The only thing that was missing was a solution to stream all the media files to devices outside of the network. At home the server just acts as a samba server for my Kodi-equipped FireTV and FireStick, which works absolutely brilliant. But after I didn’t renew my Plex Premium Pass last year, I had no further option to stream my media over the net. I still could use the VPN connection to connect to my samba shares, but thats not very practicable. With limited upload (narf) you can’t stream HD series over my connection without reencocoding it to a more upstream-friendly bitrate.

So I dediced to give „Emby“ a go.

Emby is kinda the open source brother of Plex and, although offering paid premium options, the core functions (App for iOS and Android, streaming/reencoding to my iPad, Notebook over the internet) seem to be sufficient for my use case.

But instead of just installing Emby and messing with my server installation, I took the Docker approach.

Here is what I did. Luckily the guys at Emby provide a „ready to roll“ Docker image, I only had to mount a volume for the configuration and my media folder into it (I did this „read only“ as I don’t want Emby to mess with my metadata).
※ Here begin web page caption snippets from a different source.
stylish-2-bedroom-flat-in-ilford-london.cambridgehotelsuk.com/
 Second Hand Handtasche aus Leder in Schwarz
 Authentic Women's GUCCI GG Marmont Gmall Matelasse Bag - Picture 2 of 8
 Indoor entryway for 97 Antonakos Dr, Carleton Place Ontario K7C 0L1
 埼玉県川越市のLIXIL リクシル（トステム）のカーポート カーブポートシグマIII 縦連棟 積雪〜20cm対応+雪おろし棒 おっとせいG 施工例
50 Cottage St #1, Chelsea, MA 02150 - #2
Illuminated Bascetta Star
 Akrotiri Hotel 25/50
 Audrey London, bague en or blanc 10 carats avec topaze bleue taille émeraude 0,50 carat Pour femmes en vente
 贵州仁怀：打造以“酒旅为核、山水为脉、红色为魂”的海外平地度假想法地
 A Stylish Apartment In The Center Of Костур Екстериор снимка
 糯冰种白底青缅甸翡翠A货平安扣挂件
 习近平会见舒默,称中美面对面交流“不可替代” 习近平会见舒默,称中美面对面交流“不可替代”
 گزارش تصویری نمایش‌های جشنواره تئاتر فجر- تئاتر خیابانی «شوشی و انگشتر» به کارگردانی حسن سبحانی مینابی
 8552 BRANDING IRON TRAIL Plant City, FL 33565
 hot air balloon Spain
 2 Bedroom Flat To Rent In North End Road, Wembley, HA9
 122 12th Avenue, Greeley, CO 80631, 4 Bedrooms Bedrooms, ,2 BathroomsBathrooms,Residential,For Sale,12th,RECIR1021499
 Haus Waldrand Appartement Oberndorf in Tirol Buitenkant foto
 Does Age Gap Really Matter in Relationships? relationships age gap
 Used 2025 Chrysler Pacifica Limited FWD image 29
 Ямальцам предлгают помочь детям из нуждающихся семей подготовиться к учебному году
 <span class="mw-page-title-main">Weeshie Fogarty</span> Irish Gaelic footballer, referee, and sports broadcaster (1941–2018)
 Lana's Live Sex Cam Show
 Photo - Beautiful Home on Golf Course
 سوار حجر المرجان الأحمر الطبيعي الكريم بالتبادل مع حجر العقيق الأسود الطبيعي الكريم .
This command is all you need to get Emby running:

docker run -d --name emby -v /path/to/emby/configdir:/config -v /path/to/your/mediafiles:/media:ro -P emby/embyserver

The „-P“ switch tells Docker to expose all defined ports of the Emby-Dockerimage, which in my case looked like this:

 0.0.0.0:32777->1900/udp, 0.0.0.0:32776->7359/udp, 0.0.0.0:32800->8096/tcp, 0.0.0.0:32799->8920/tcp

So Docker is opening the defined ports on arbitrary ports on your host. In this case you could reach the webinterface of emby on „localhost:32800“.

To make it accessible from the internet you need a webserver/reverse proxy, in my case I already have an nginx running on my server, handling the access to a bunch of webinterfaces. So that is what I am going to use. Of course you can define the host-port under which emby should be reachable when running the docker-container with the „-p“ switch and then just use the port in your nginx upstream configuration. But that again is not how I wanted to do this.

I wanted Docker to be able to dynamically assign the ports without having to rewrite my nginx config after every restart/reboot.

In order to archieve this, I made use of a combination of Hashicorp’s Consul and Consul-Template and a modified version of the great „Registrator“ tool written by Progrium from Gliderlabs.

As preparation for getting Consul and Registrator see each other I used the new „network“ feature available since Docker 1.9
With

docker network create consul

I created a network in which both services could talk to each other. Then I started the Consul container with

docker run -d --name consul --net=consul -p 8400:8400 -p 8500:8500 -p 8600:53/udp -h node1 progrium/consul -server -bootstrap

The Consul image is also provided by Progrium and is in this case running in single server and bootstrap mode since I don’t run a cluster and don’t need any consistency. When the container is killed, just fire up another on and bootstrap a new Consul server. The whole range of exposed ports isn’t really necessary, but I wanted to be able to check the Consul service with the Consul binary from my host server so I just exposed them all. You could probably try out which ones are needed for the binary and the Registrator and just expose them, but as a quick solution I went full monty.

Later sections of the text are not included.